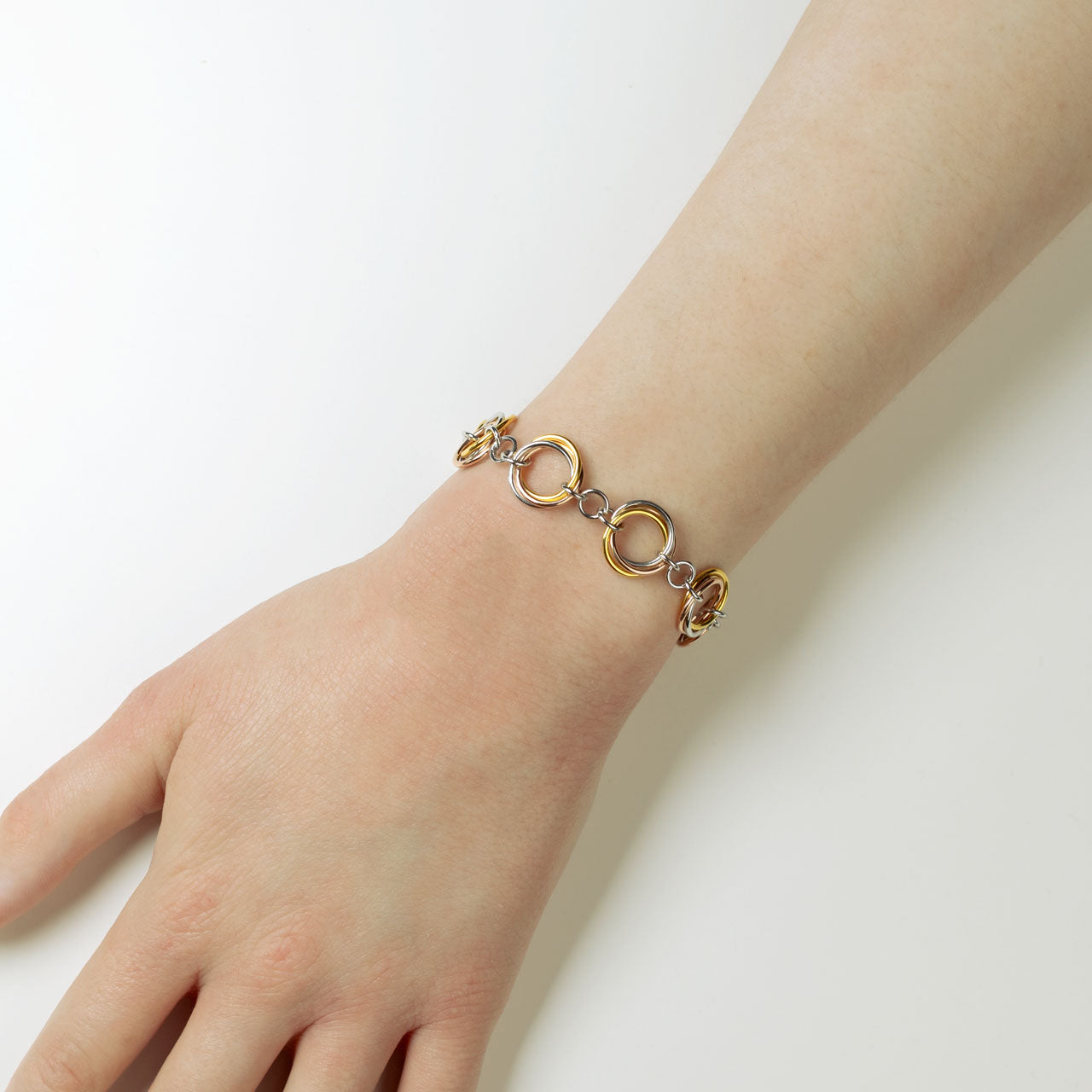Sterling silver bracelet featuring intertwined open circular links with a polished finish, combining sculptural elegance and contemporary British design.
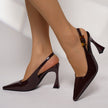 Mescini - Burgundy pointed toe slingback pumps worn with the heel raised, angled view, US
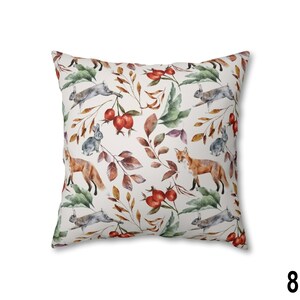 May include: Square throw pillow with a repeating pattern of foxes, rabbits, and berries among autumn leaves. The design features watercolor illustrations in shades of orange, gray, green, and brown on a cream background.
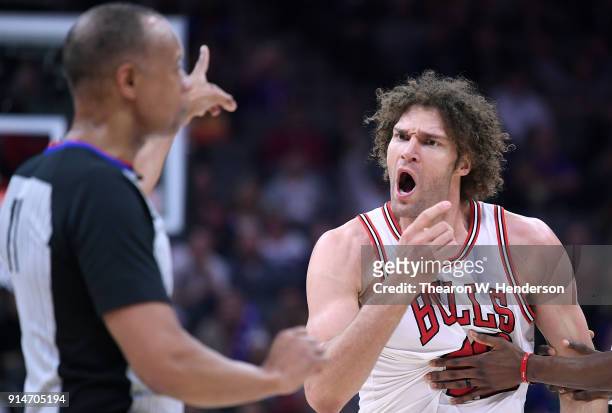 Robin Lopez of the Chicago Bulls argues over a foul called by referee Rodney Mott during an NBA basketball game against the Sacramento Kings at...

> **About this exercise**: Restate word for word the lines beginning with the one that contains "Mescini - Burgundy" and ending with the last line of the listing; pictures stay out.

> **Task result**:
 Mescini - Burgundy pointed toe slingback pumps worn with the heel raised, angled view, US
 May include: Square throw pillow with a repeating pattern of foxes, rabbits, and berries among autumn leaves. The design features watercolor illustrations in shades of orange, gray, green, and brown on a cream background.
 Robin Lopez of the Chicago Bulls argues over a foul called by referee Rodney Mott during an NBA basketball game against the Sacramento Kings at...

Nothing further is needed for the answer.